Тишка молча посапывал.
— Может, крылья ещё орлиные сделаешь? — подколол Славку отец. — По воздуху границу перелетишь?
— Да если хочешь знать, — загорячился Славик, — шпионы на копытах не один раз пересекали границу…
— Ну, а ты на орлиных крыльях перелети. На крыльях сподручнее, чем на копытах. Никаких следов не оставишь.
— Ты, папка, не смейся, я про копыта в книжках читал.
Вот всякий раз так. Начнёт Иван воспитательную беседу, а сыновья обязательно собьют его с торного пути в сторону. Иван разве к шпионским хитростям их склонял? Он напоминал о том, что через границу без соответствующих документов не переедешь. Он хотел предупредить Тишкин побег: граница, мол, на замке, охраняется крепко — там, где вспаханная полоса, день и ночь часовые ходят, а на поезде нигде не спрячешься: пограничники проверяют каждую щель, даже пассажирам из купе предлагают выйти в коридор, чтобы посмотреть, нет ли кого под сиденьем. А этот задавала, этот всезнайка Славик непременно всунется в разговор и повернёт всё по-своему. Его уж вой, как шпиона, надо ловить… На копытах он через границу пойдёт…
— Твои копыта быстро поотбивают.
— Да как же поотбивают-то? Я тёмной ночью пойду…
Тут уж начиналась сказочка про белого бычка, ни конца у неё, ни начала. Ты сыну одно, а он тебе опять это же самое:
— Нет, на копытах можно перейти.
Ну, валяй, валяй… Посмотрим, что за герой…

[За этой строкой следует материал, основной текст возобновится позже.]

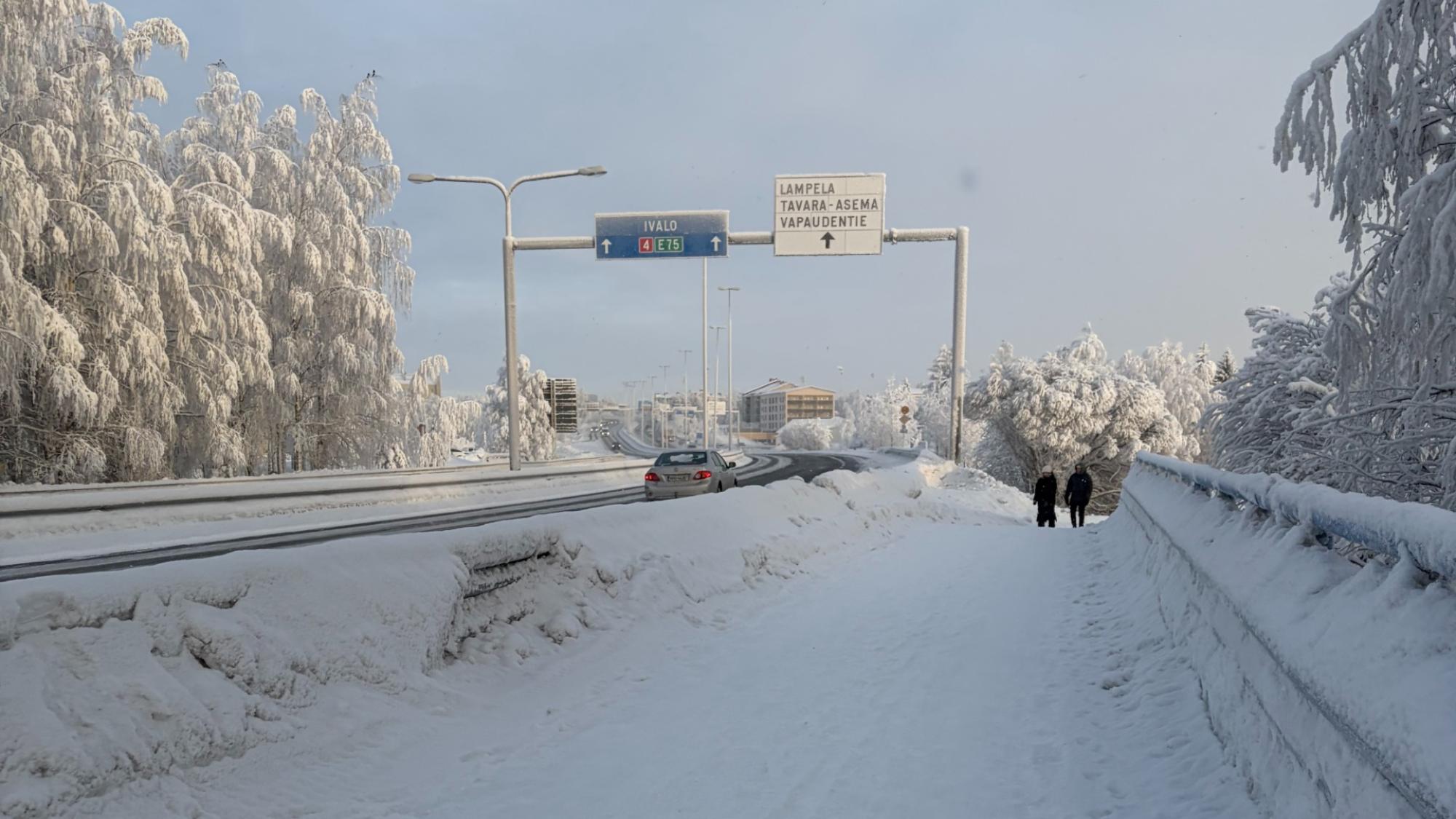 A road leading to Rovaniemi city center with some signs and very snowy landscape around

— А что? — запетушился Славик.
И тут уж не выдержала за перегородкой Варвара Егоровна, подала сердитый голос из кухни:
— Я вам сейчас границу устрою… Смотри-ка, в избе, как на улице, — душу видать, уши отморозить можно… А им и печки не затопить, вычеверкивают о границе… Ну, мужики, не знаю, что вы и за народ, ничего без подсказки не сделаете.
Тишка шариком вывернулся из-под одеяла, ноги — в брюки, рубаху — на голову, и уже готов. Уже задвижку у лежанки отдёргивает, уже под поленья берёсту суёт, уже огонь вздувает. Славик в это время ещё только потягивался.

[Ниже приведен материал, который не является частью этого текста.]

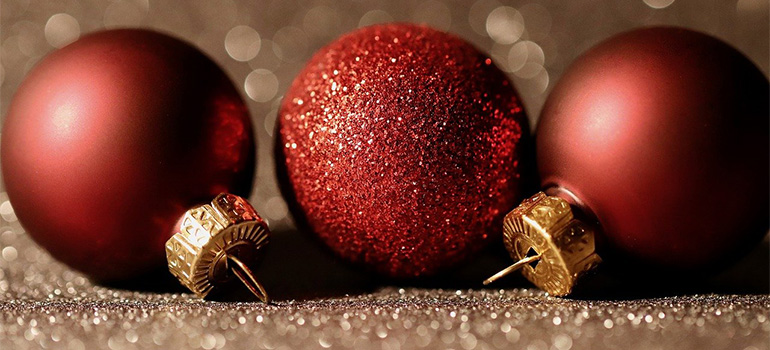 Three red Christmas tree ornaments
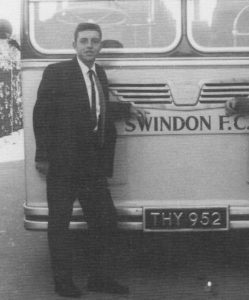 Swindon Footballer Ernie Hunt stood by a marvellous retro Swindon football club coach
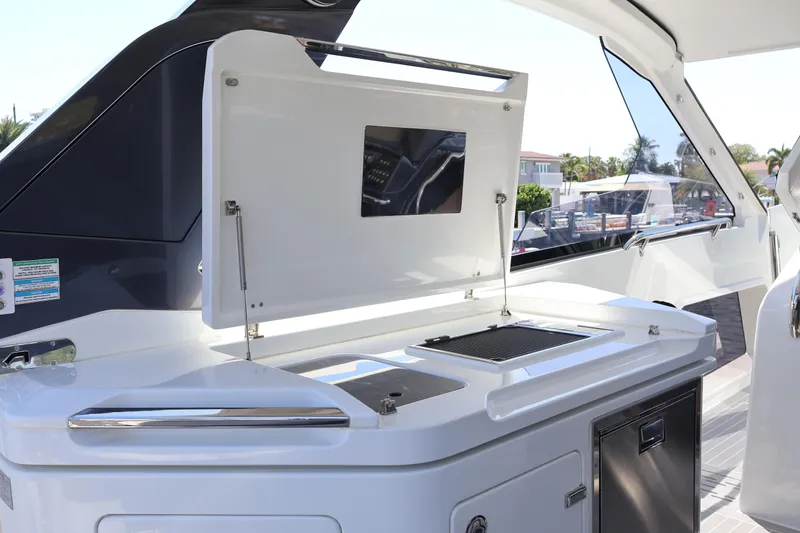 Slide: The Image of 2024 Galeon 325 GTO balcony control panel with safety instructions and notices. - 23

— А ну, шпион, — пошла на него в наступление Варвара Егоровна, — раз не успел к печке пристроиться, так беги за водой к колодцу.
Славик не ожидал, что так может опростоволоситься.
— Ма-а-ма, — заканючил он, — да я после школы схожу.
— Я тебе дам после школы! — шумела Варвара Егоровна. — В доме капелюшечки нет, умываться нечем… А он… после школы… Знаю я, как ты после-то школы мне помогаешь.